**What you are asked to do**
The answer must be an exact copy of the lines from the one containing "DICFY Женский модный" through the last line of the records, with the pictures left out.

Entries taken from a collection:
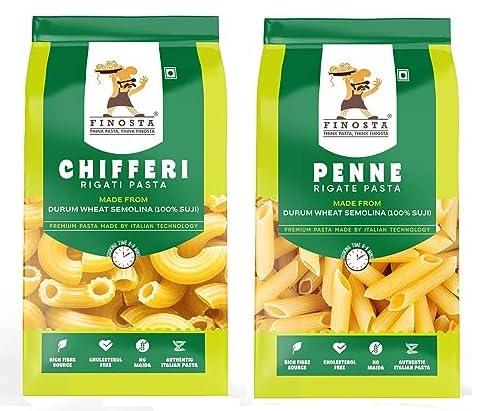 Finosta Finosta Penne Pasta, 500gm with Chifferi Rigati Pasta 500 Gram , Combo Pack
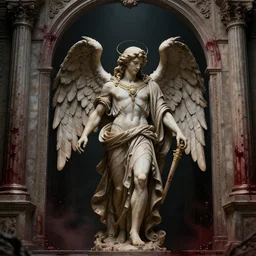 hyper realistic photography of a highly detailed archangel in front of hell's gate. complex architecture, blood drops on the walls. dark background. high details, trending on artstation, digital illustration 4 k no blur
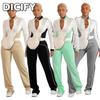 DICFY Женский модный повседневный осенне-зимний костюм с длинным рукавом и V-образным вырезом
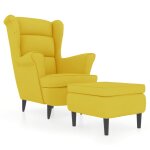 Vidaxl fauteuil  oreilles avec tabouret jaune moutarde velours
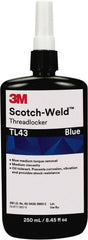 3M - 250 mL, Blue, Medium Strength Liquid Threadlocker - 24 hr Full Cure Time - Exact Tooling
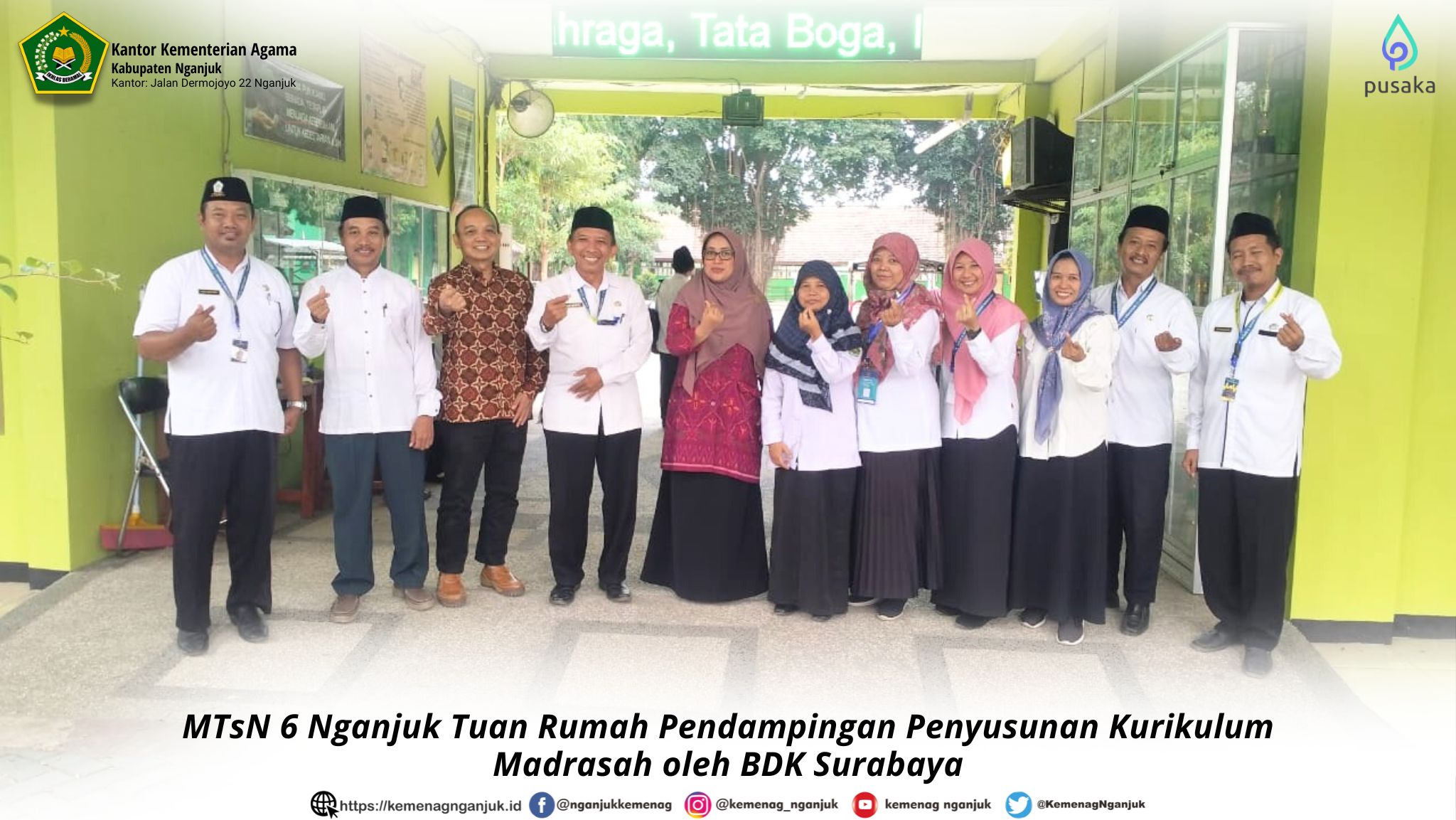 MTsN 6 Nganjuk Tuan Rumah Pendampingan Penyusunan Kurikulum Madrasah oleh BDK Surabaya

**Task solution**
 DICFY Женский модный повседневный осенне-зимний костюм с длинным рукавом и V-образным вырезом
 Vidaxl fauteuil  oreilles avec tabouret jaune moutarde velours
 3M - 250 mL, Blue, Medium Strength Liquid Threadlocker - 24 hr Full Cure Time - Exact Tooling
 MTsN 6 Nganjuk Tuan Rumah Pendampingan Penyusunan Kurikulum Madrasah oleh BDK Surabaya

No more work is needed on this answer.